Image-text web data:
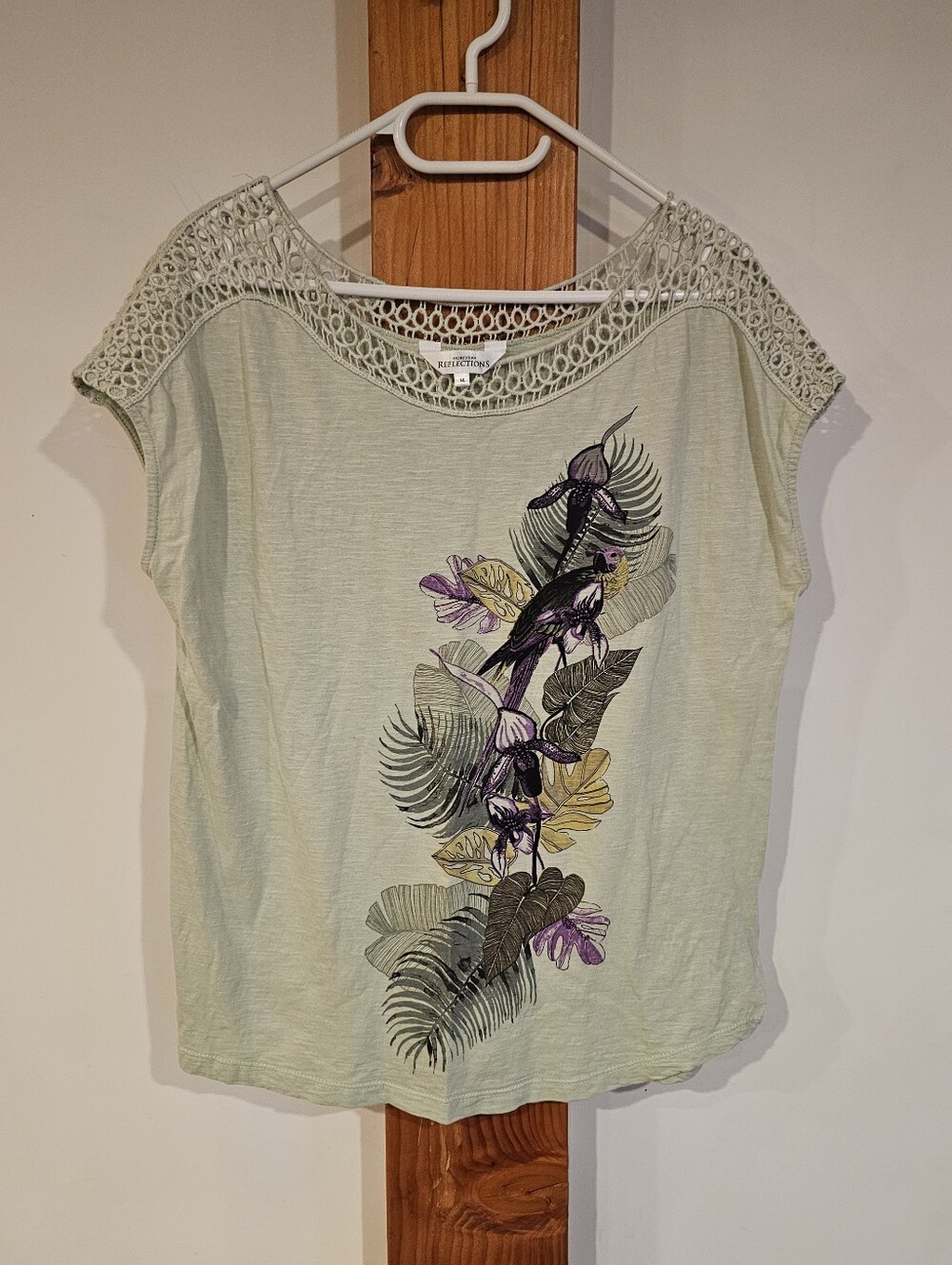 Northern Reflections Sage Green T- Shirt With Crochet Neckline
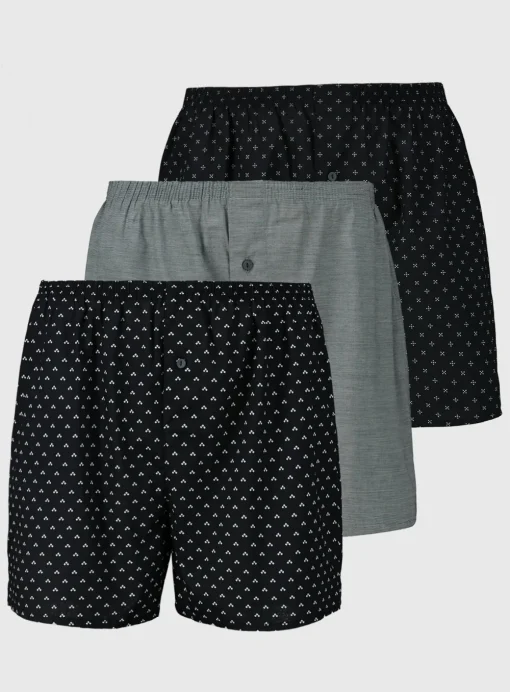 Geo Print & Stripe Woven Boxers 3 Pack XXL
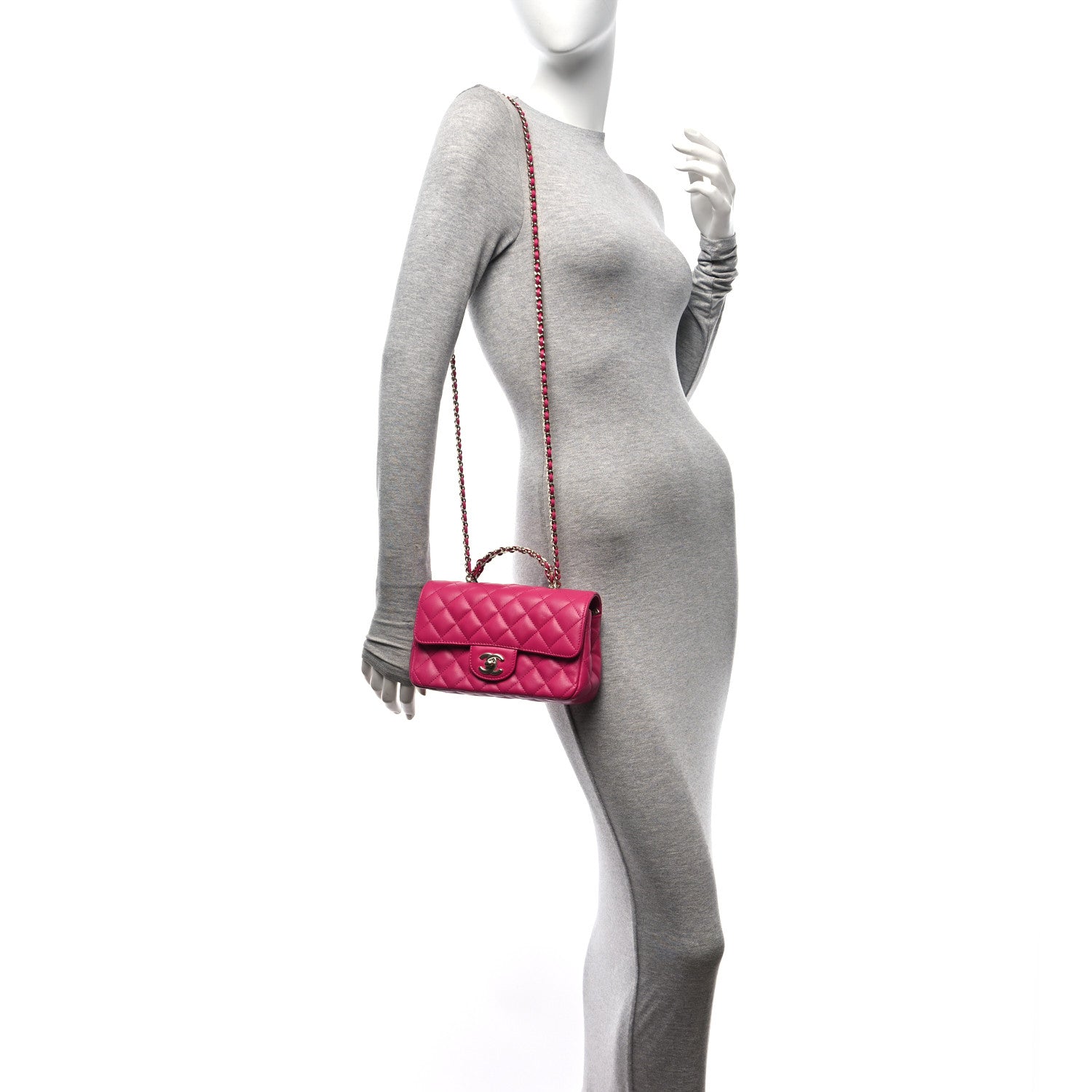 Chanel Lambskin Quilted Mini Crystal Top Handle Rectangular Flap Dark Pink 2 of 12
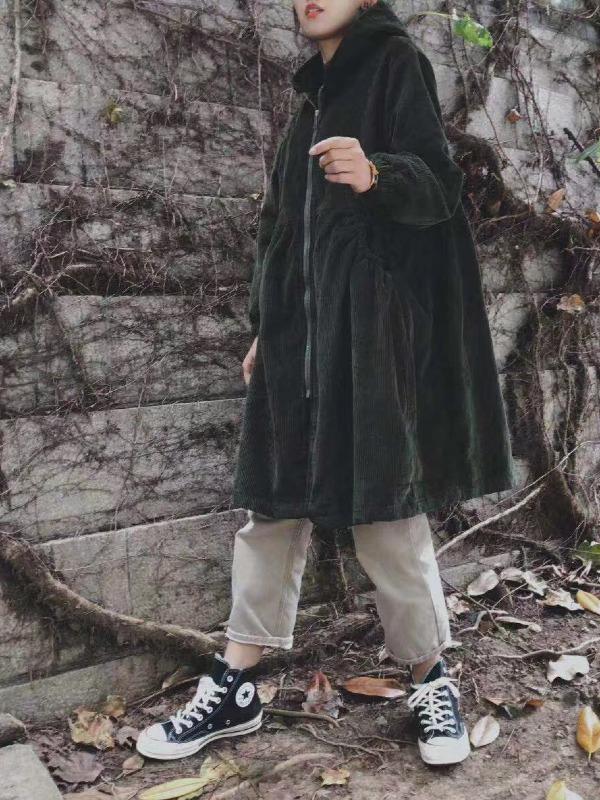 Vintage Velvet Casual Long Coat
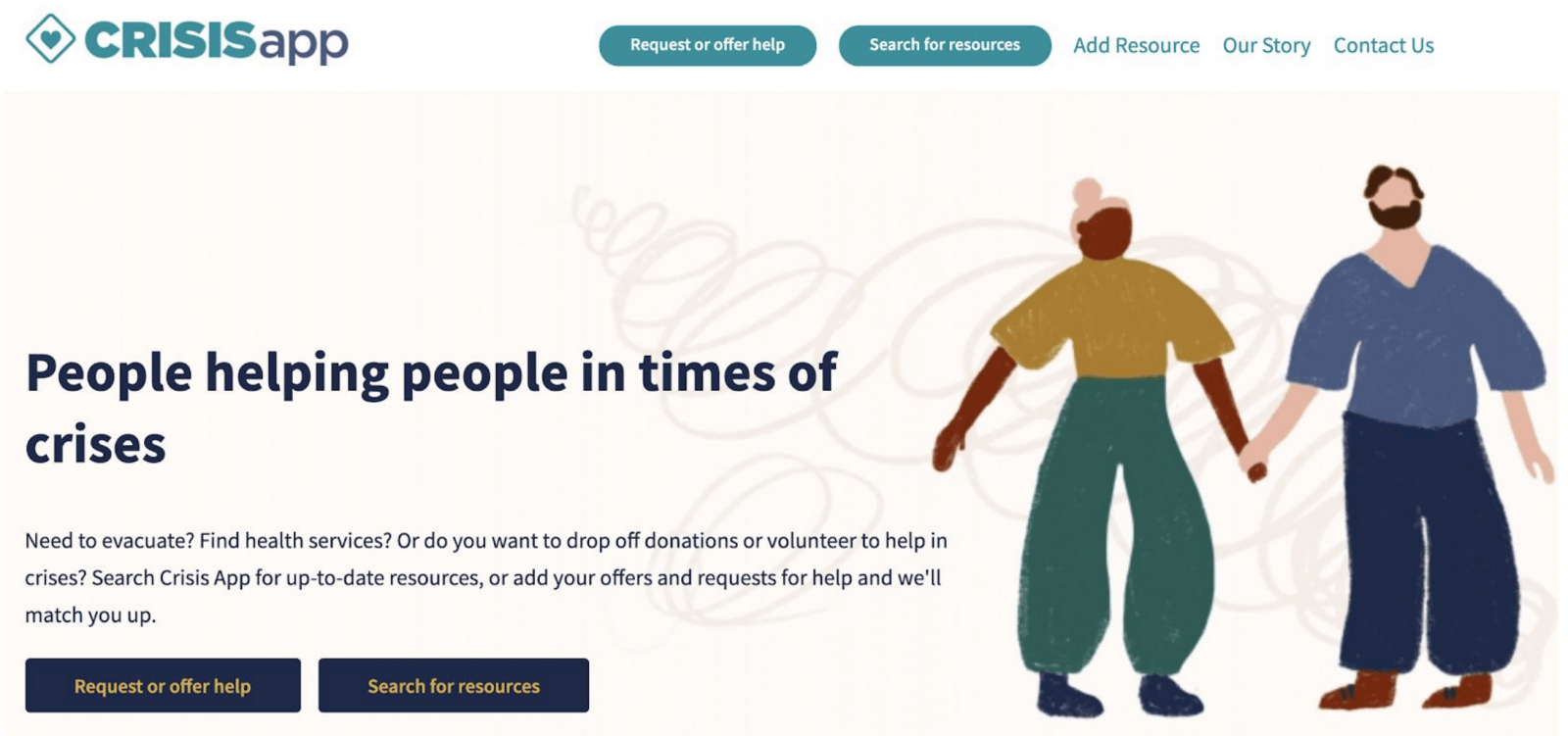 Screenshot of the Crisis App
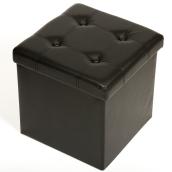 Pouf de rangement capitonné et pliable de 15", brun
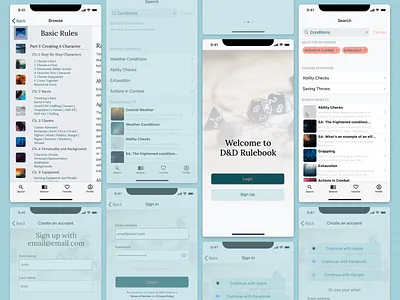 D&D Rulebook - Mobile App - Concept case study design dnd dungeonsanddragons ios mobile mobile app portfolio rpg ttrpg ui ux uxdesign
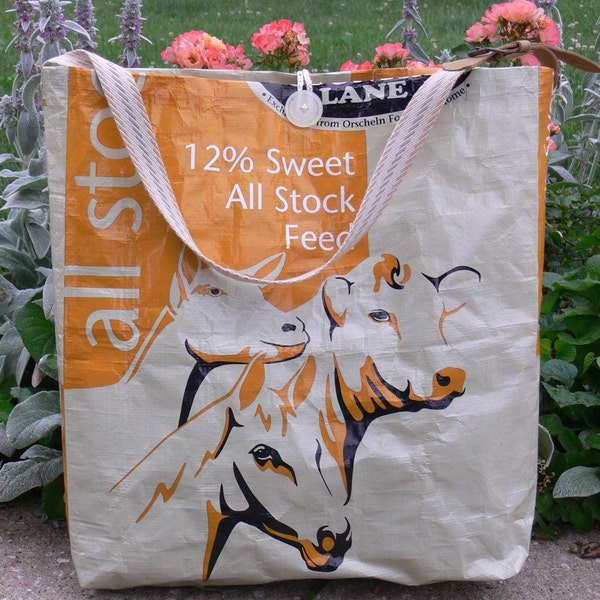 Recycled Sweet feed Bag Tote FREE SHIPPING horse cow goat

**TASK REQUIREMENTS**
Each entry above should be written out again exactly, without its pictures.

**SOLUTION**
 Northern Reflections Sage Green T- Shirt With Crochet Neckline
 Geo Print & Stripe Woven Boxers 3 Pack XXL
 Chanel Lambskin Quilted Mini Crystal Top Handle Rectangular Flap Dark Pink 2 of 12
 Vintage Velvet Casual Long Coat
 Screenshot of the Crisis App
 Pouf de rangement capitonné et pliable de 15", brun
 D&D Rulebook - Mobile App - Concept case study design dnd dungeonsanddragons ios mobile mobile app portfolio rpg ttrpg ui ux uxdesign
 Recycled Sweet feed Bag Tote FREE SHIPPING horse cow goat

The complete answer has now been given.